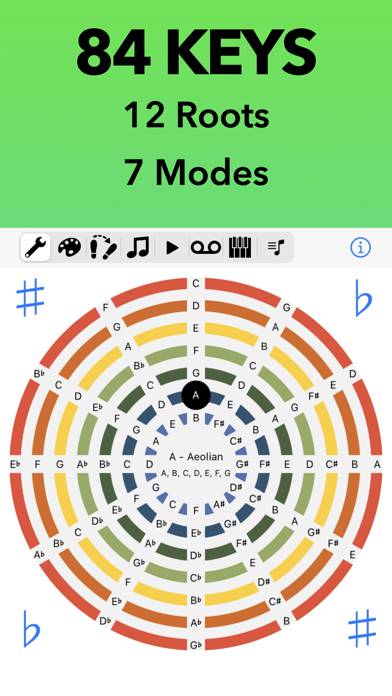 MIDI SolFa Mode-Go-Round Captura de pantalla de la aplicación #3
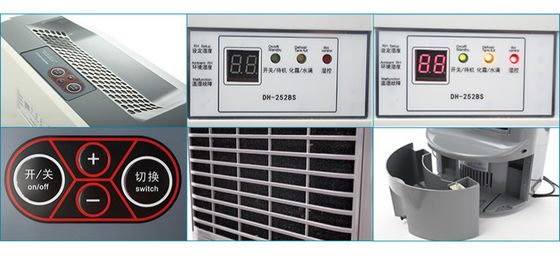 Refrigerative Dehumidifier for 330 sq. ft. Coverage Area in Effective Dehumidification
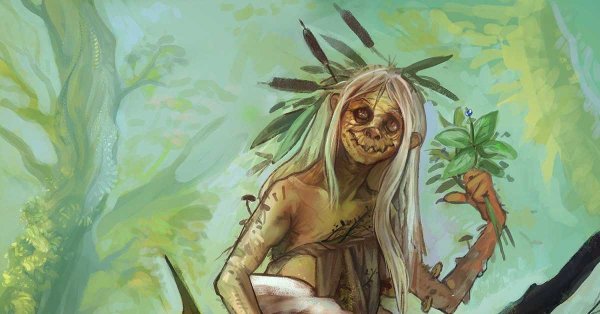 Кикимора Болотная Славянская мифология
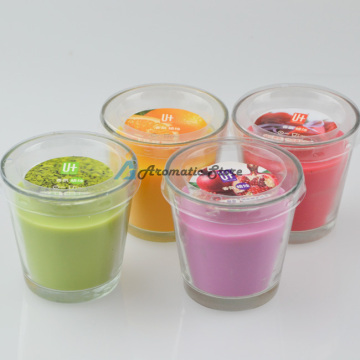 wholesale natural custom soy wax candles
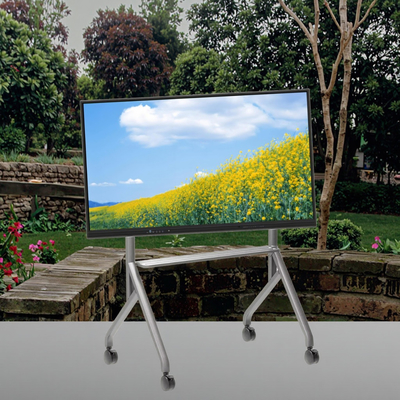 Factory Direct Android 14 Interactief platte paneel met hoog contrast 1200:1 en cursorsnelheid 100 Dot/S 20 Touch Point ondersteund met Screen Share Interactief whiteboard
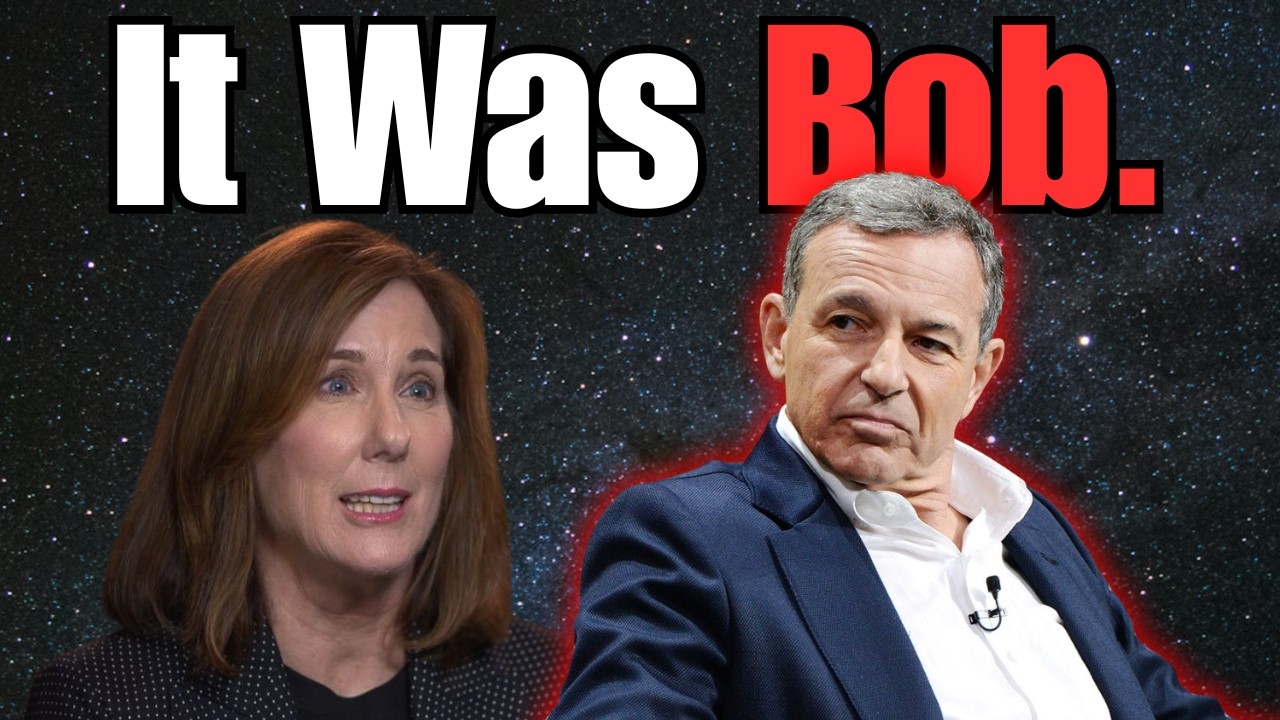 How Bob Iger Held Star Wars Hostage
· · ·
__Required work__:
Find the line with "Factory Direct Android" in the listing above, then write it out along with every later line through the last one, exactly, omitting pictures.

__Task solution__:
 Factory Direct Android 14 Interactief platte paneel met hoog contrast 1200:1 en cursorsnelheid 100 Dot/S 20 Touch Point ondersteund met Screen Share Interactief whiteboard
 How Bob Iger Held Star Wars Hostage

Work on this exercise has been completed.